HOW CAN I SCREW UP A RELATIONSHIP?
Melle Mel is not just your typical GQ stud. He is also a snazzy dresser, brisk walker and good with relationship advice. So good in fact, everybody goes to Melvin for advice. For the best interest of society, I shall pepper him with scenario’s and should any of these relate to your life, pay close attention, as Mel is an expert love doctor; the Dr. of Love, Mr. Love Magistrate, Looove Daddy.
First off, break up with a girl before you ever ask her out. This is a very good tactic, one that I claim as my own invention, patent pending. I’m at the age where I see all my friends getting married and having children. Uh-oh, I better have children! That’s what they want you to think; they, being the girly magazines out there like Cosmopolitan, Glamour, Sports Illustrated. You know what, all you magazines, if I want to impregnate someone I can simply take advantage of a drunken, passed out homeless lady whenever I want. But until I decide to further the human race with a non-typical, non-nuclear family as such, I am going to act on relationships as I see fit.
For instance, there is a beautiful girl, my age, single (how, I have no idea), and employed as a manager in a respectable position. I’m being vague because I would hate for her to read this and see that in lieu of a homeless member of society I have placed her next in line.

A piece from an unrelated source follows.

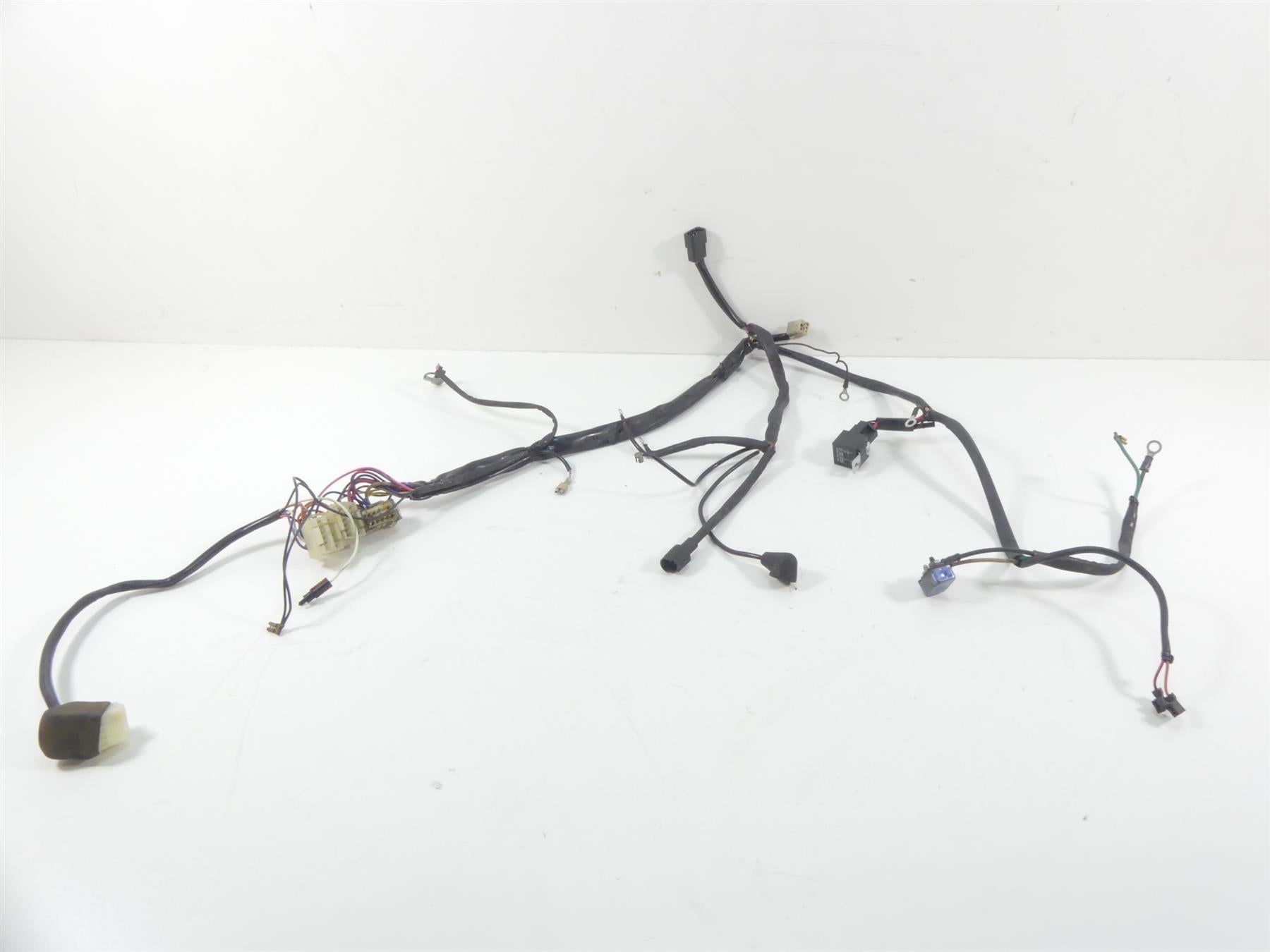 1993 Harley FXSTS Softail Springer Main Wiring Harness Loom - No Cuts 70216-93B | Mototech271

This is not fair, because she’s not homeless. She probably makes a lot of money. Nor is it fair to the homeless. They’re just like you and me, people. Except, they don’t have a home and they possess the ability to eat leftovers out of a garbage can. I’m just pointing out the facts. Look, not all homeless people eat leftovers out of the garbage but when a few do, it makes it seem like they all do. So, don’t blame me, blame those that have indulged from the trash. I support the homeless cause. I once knew a homeless person. Our relationship lasted all of ten seconds, but I walked away with two less pennies in my pocket and I felt like I knew the guy. And he knew me too. That’s what it’s all about: connecting with people.

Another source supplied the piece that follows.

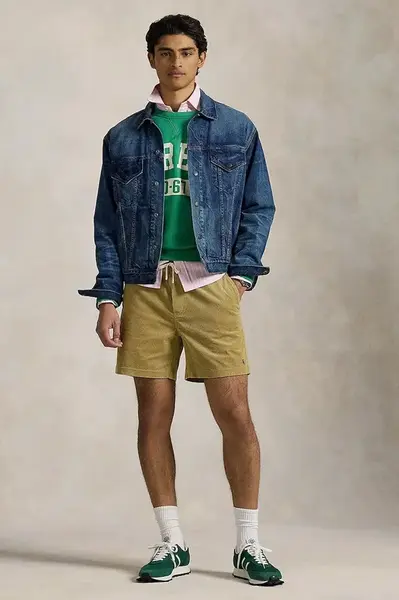 Manšestrové šortky Polo Ralph Lauren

The girl and I had good talks. For a number of reasons, I would never ask her out where she works: (1) she might find that rude; she’s a manager and here’s some guy trying to score a date (2) she might say no, then where would I go to shop? (3) she might say yes, we go on a date and then I could never walk past her store again, because I’m neurotic like that. One day, we crossed paths near her work. We talked and I made it clear that “It wouldn’t work between the two of us.” Ha! I showed her. Broke up before we ever went out! Now I have no problem seeing her at the store. “Hey, look at me! I’m the guy that assumed you’d want to go out with me and reversed the whole thing by saying it wouldn’t work – what an asshole!”
Talk to me, oh wise one. Was this the correct thing to do?